De la place Victoria monte la côte du Beaver Hall. Ce nom rappelle la première résidence de banlieue de Montréal, le Beaver Hall, un édifice en bois rond où vivait un nommé Frobisher. Cet aventurier avait trafiqué des fourrures dans le grand nord, fondé la compagnie du Nord-Ouest, puis un club social, le Beaver Club, où il se rendait pour boire avec d’autres riches aventuriers. Sur le site du Beaver Hall s’élève le Canadian Street Car Administration Co. Cet édifice manque un peu d’allant, malgré les frises qui le décorent. Mais mieux vaut un édifice à bureaux sans style qu’une résidence privée en bois rond portant un nom de castor. Un club d’hommes d’affaires fait revivre aujourd’hui la mémoire de Frobisher. Pour leurs véhicules, on a fait des chaussées larges, mais souvent, ils ont des vélos qui les dérangent. Chaque courrier cycliste fait plusieurs fois par jour la navette par Beaver Hall, qui est le lien principal entre le vieux Montréal et le centre ville.

On arrête souvent livrer à mi-pente de Beaver Hall sur la rue de la Gauchetière. Vers l’est, la rue de la Gauchetière est sinueuse et bordée de vieux édifices. Elle se souvient du faubourg qu’il y avait avant l’incendie de 1852. Sur la rive ouest de la côte à Frobisher, la rue de la Gauchetière reste sinueuse, mais elle a des sommets de 35 et 40 étages. Ancienneté. Modernisme. Le nom retentissant de la rue de la Gauchetière évoque l’idée même de la ville.

Le siège de la Banque

Je livre une lettre ultra importante au bureau des cartes de crédit de la Banque.

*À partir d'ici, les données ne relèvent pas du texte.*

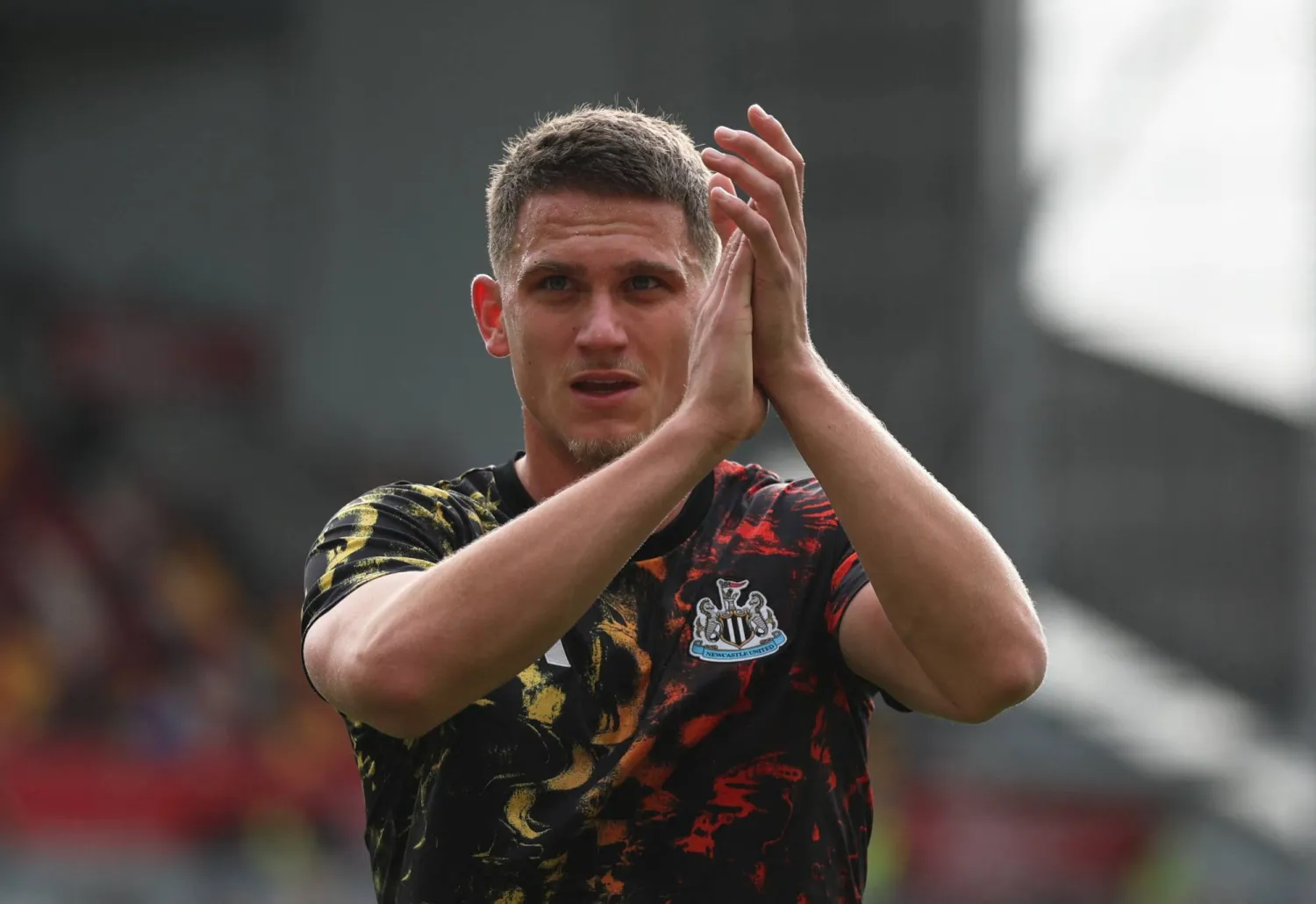 سفين بوتمان مدافع نيوكاسل (رويترز)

En arrivant, une madame derrière un guichet aux vitres pare-balles me fait signer un registre. Elle regarde ma signature puis me dit sèchement: «attendez donc un peu vous.» Elle pitonne, puis elle bloque les ascenseurs. Elle parle dans son head-set: «j’en ai pogné un». Des bouncers arrivent «suis-nous, toué.» Ils me font rentrer dans un bureau. Un monsieur aux doigts pleins de bagues m’explique sur un ton glacial que je me suis vraiment monté un très mauvais dossier de crédit, un vraiment mauvais dossier, puis il me fait signe de faire de l’air. Dans le corridor, les bouncers m’attendent. Ils m’escortent jusqu’aux ascenseurs. Un des bouncers me dit en me faisant sentir sa fragrance de Player’s: «oublie pas ton paiement minimun le 4 mars, toué, parce que sinon ça risque d’être madame Melançon qui va s’occuper de ton dossier.»